Kiyosaki has often said that the poor and middle class work for money, while the rich acquire assets that work for them. His recent Bitcoin sale reflects this belief.

His long term plan is not about flipping coins or timing markets. It is about using every opportunity to grow income producing assets. Even at nearly ninety years old, Kiyosaki remains committed to expanding his financial base.

He believes that long term wealth requires discipline, boldness, and the willingness to take advantage of profitable opportunities. By converting Bitcoin profits into new businesses, he strengthens his income while remaining positioned to accumulate more Bitcoin during future dips.

A Bold Move That Reinforces His Long Term Bitcoin Conviction

Robert Kiyosaki’s sale shocked the crypto world, but his explanation reveals the opposite of fear. He remains confident in Bitcoin’s long term future, but he is also a master of shifting capital where it can work hardest.

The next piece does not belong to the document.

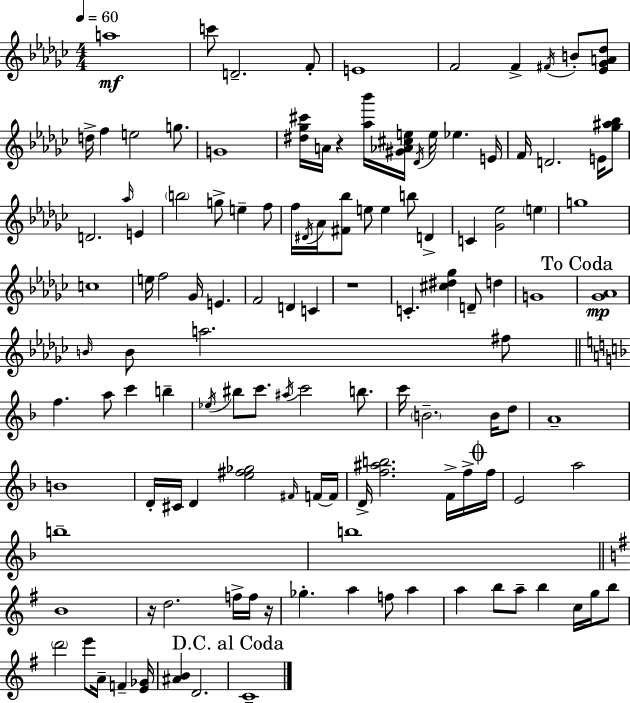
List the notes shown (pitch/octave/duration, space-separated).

By selling a portion of his Bitcoin, reinvesting into high yielding businesses, and planning to buy more Bitcoin later, he is executing a financial strategy that has worked for him for decades.

His long term optimism about Bitcoin has not changed. His confidence in long term value, scarcity, and decentralization remains intact. His move demonstrates strategic thinking rather than doubt.

For investors watching his actions, the message is clear:

Bitcoin is still part of his future. This sale is simply one tactical step in a much larger plan.